Action item: All that is wanted is the exact text of the lines below from the one with "MILA HOODED JACKET W" through the one with "Mustang Motorcycle Products", inclusive, minus any pictures.

Record excerpts:
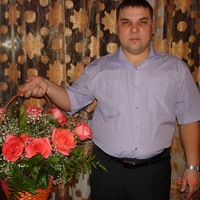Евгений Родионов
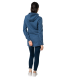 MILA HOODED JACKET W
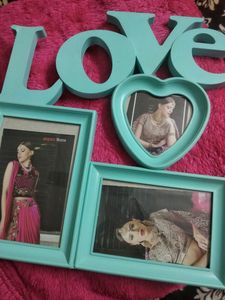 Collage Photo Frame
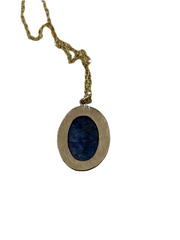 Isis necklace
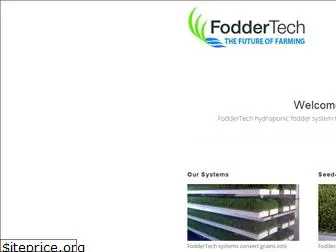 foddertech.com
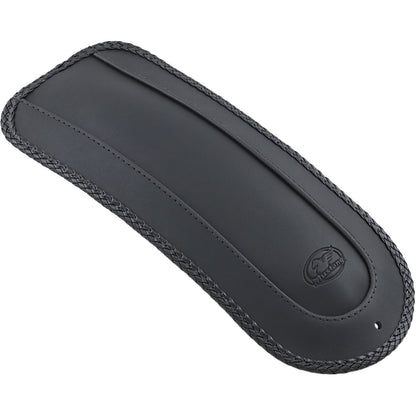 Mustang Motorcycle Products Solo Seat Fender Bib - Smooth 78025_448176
--
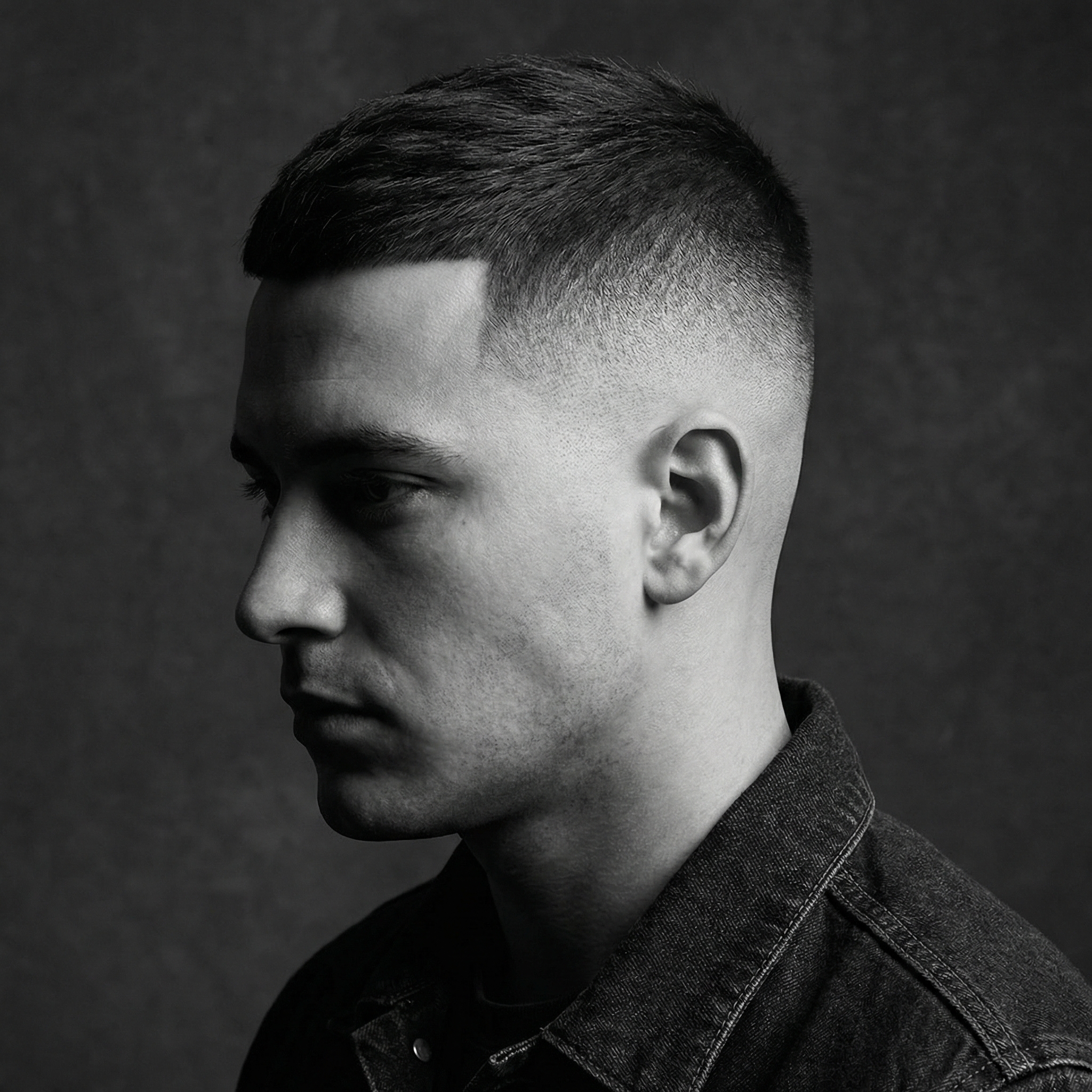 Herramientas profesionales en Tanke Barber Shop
...
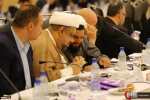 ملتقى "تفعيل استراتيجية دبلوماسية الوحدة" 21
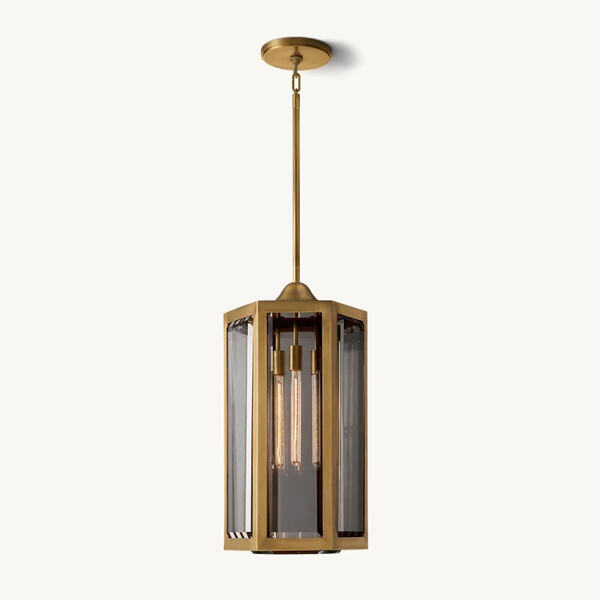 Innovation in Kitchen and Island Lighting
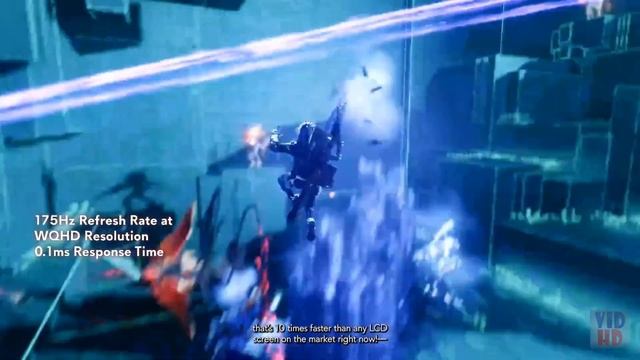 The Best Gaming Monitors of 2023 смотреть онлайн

Answer to the problem:
 MILA HOODED JACKET W
 Collage Photo Frame
 Isis necklace
 foddertech.com
 Mustang Motorcycle Products Solo Seat Fender Bib - Smooth 78025_448176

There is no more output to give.